Please copy exactly the lines from the top of the data through the line containing "GÜVENLİK KUVVETLERİ KOMUTANLIĞI", and nothing else.
Segment Start: Source material
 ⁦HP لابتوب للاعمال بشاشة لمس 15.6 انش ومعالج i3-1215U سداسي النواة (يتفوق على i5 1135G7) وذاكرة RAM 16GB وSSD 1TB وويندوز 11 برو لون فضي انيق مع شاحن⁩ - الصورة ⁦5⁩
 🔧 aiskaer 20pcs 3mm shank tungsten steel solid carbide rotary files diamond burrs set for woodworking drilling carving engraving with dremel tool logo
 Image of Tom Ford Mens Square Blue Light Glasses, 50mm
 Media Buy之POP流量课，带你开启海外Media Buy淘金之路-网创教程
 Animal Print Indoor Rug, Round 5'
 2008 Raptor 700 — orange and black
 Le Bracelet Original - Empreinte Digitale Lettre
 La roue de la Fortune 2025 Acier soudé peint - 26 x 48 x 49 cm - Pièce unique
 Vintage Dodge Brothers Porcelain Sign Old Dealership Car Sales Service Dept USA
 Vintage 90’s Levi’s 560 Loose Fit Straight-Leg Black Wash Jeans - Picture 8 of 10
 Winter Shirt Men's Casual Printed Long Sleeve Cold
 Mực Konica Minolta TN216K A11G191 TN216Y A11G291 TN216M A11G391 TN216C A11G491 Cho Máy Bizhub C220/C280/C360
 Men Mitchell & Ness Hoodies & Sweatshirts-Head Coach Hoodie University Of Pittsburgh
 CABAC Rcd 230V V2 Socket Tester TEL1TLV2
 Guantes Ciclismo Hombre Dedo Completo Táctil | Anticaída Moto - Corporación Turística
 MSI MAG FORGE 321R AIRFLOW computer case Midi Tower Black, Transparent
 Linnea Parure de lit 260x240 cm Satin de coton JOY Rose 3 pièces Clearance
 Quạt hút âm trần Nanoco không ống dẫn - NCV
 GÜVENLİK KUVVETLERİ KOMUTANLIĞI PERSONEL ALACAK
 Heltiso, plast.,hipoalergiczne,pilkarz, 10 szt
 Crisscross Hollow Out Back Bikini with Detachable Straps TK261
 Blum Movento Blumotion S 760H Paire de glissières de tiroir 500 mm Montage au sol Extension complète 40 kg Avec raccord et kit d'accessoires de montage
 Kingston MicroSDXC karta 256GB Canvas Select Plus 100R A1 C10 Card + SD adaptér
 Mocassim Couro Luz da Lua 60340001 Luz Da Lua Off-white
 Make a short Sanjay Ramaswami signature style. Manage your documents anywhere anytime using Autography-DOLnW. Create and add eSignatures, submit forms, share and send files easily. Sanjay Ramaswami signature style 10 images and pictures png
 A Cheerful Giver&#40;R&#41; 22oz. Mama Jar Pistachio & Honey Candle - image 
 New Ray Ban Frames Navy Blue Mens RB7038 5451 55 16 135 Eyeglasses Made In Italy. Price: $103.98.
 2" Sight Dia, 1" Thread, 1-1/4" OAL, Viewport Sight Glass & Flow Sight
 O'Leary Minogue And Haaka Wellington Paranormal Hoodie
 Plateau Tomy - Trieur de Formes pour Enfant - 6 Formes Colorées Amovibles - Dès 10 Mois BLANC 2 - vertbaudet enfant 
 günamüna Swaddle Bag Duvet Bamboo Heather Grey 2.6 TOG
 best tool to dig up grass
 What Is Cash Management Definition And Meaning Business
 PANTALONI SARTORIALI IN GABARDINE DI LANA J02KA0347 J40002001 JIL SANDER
Segment End: Source material
Worked solution
 ⁦HP لابتوب للاعمال بشاشة لمس 15.6 انش ومعالج i3-1215U سداسي النواة (يتفوق على i5 1135G7) وذاكرة RAM 16GB وSSD 1TB وويندوز 11 برو لون فضي انيق مع شاحن⁩ - الصورة ⁦5⁩
 🔧 aiskaer 20pcs 3mm shank tungsten steel solid carbide rotary files diamond burrs set for woodworking drilling carving engraving with dremel tool logo
 Image of Tom Ford Mens Square Blue Light Glasses, 50mm
 Media Buy之POP流量课，带你开启海外Media Buy淘金之路-网创教程
 Animal Print Indoor Rug, Round 5'
 2008 Raptor 700 — orange and black
 Le Bracelet Original - Empreinte Digitale Lettre
 La roue de la Fortune 2025 Acier soudé peint - 26 x 48 x 49 cm - Pièce unique
 Vintage Dodge Brothers Porcelain Sign Old Dealership Car Sales Service Dept USA
 Vintage 90’s Levi’s 560 Loose Fit Straight-Leg Black Wash Jeans - Picture 8 of 10
 Winter Shirt Men's Casual Printed Long Sleeve Cold
 Mực Konica Minolta TN216K A11G191 TN216Y A11G291 TN216M A11G391 TN216C A11G491 Cho Máy Bizhub C220/C280/C360
 Men Mitchell & Ness Hoodies & Sweatshirts-Head Coach Hoodie University Of Pittsburgh
 CABAC Rcd 230V V2 Socket Tester TEL1TLV2
 Guantes Ciclismo Hombre Dedo Completo Táctil | Anticaída Moto - Corporación Turística
 MSI MAG FORGE 321R AIRFLOW computer case Midi Tower Black, Transparent
 Linnea Parure de lit 260x240 cm Satin de coton JOY Rose 3 pièces Clearance
 Quạt hút âm trần Nanoco không ống dẫn - NCV
 GÜVENLİK KUVVETLERİ KOMUTANLIĞI PERSONEL ALACAK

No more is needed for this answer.